How to setup a Gemfile as a file to manage dependencies.

Install gems

If you using Bundler, you then run this at the top level of your project. This will read from the Gemfile.

My gist of install instructions.

$ bundle config set --local path vendor/bundle
$ bundle install

Old style for reference - to be deprecated.

$ bundle install --path vendor/bundle
$ # On later runs you can just run:
$ bundle install

Samples

Sample contents for a Gemfile.

Install a gem:

gem 'foo'
gem 'foo', '~> x.y.z'
# Alternative
gem install foo -v x.y.z

Install a Jekyll plugin.

Single-line approach.

gem 'foo', group: :jekyll_plugins

Or multi-line approach, good for multiple plugins.

group :jekyll_plugins do
  gem 'foo'
  # Add more plugins here. Do NOT separate each line with comma.
end

Example of Gemfile for a Jekyll project below.

Note the Jekyll and a theme are alone and any Jekyll plugins go inside a group - this ensures they load at the correct order at build time.

source 'https://rubygems.org'

gem 'jekyll', '~> 3.9'

gem 'minima'

group :jekyll_plugins do
  gem 'jekyll-feed'
  gem 'jekyll-sitemap'
end

Notes on the above:

  • The source line is needed to prevent an error.
  • Jekyll restriction will prevent getting Jekyll 4.0.0.
  • The group helps plugins to be loaded at the correct point when building the site.

Some additional plugins to try:

  gem 'github-pages'
  gem 'jekyll-github-metadata'

Note that the github-pages plugins includes the metadata one plus a lot of others, so you only need one of the above lines if you want to fetch GitHub metadata in your build.

Resources

  • Bundler
  • Jekyll Plugin Installation doc.
  • Plugins
    • GitHub Pages Plugin
      • github/pages-gem repo
      • GitHub Pages plugin in the Jekyll docs. This gives you a couple of Jekyll plugins and themes, which may be unnessary if you are running locally and only need to install one or two of those.
      • Versions - Plugins supported by the github-pages plugin.
    • GitHub Metadata
  • See a fuller Gemfile with comments in one of my repos here.

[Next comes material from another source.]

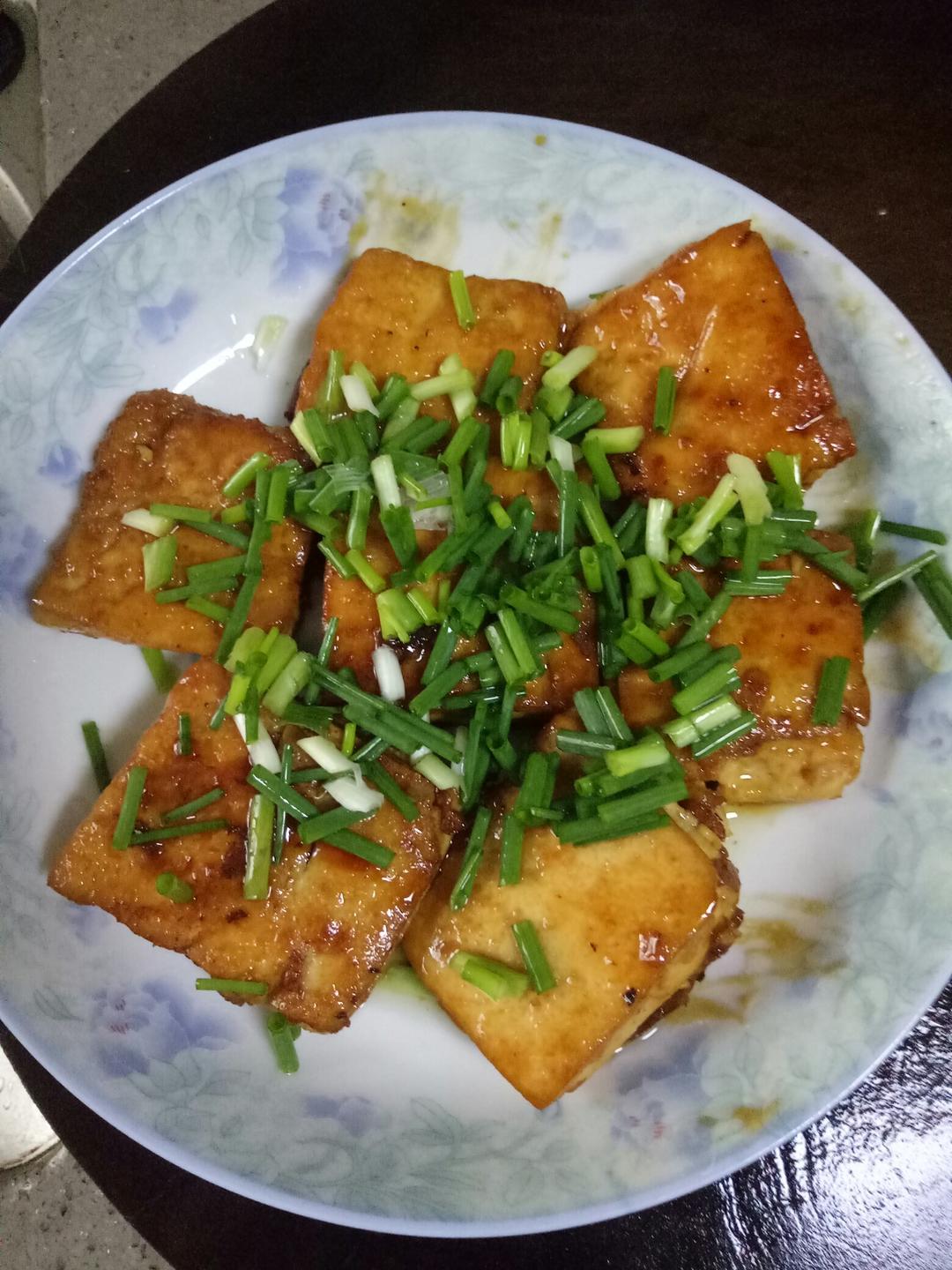 钰儿做的香煎豆腐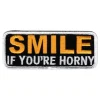 Stoffmerke Smile If Youre Horny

Why the jekyll_plugins group in the samples above? The docs say:

Jekyll gives this particular group of gems in your Gemfile a different treatment. Any gem included in this group is loaded before Jekyll starts processing the rest of your source directory.

A gem included here will be activated even if its not explicitly listed under the plugins: key in your site’s config file.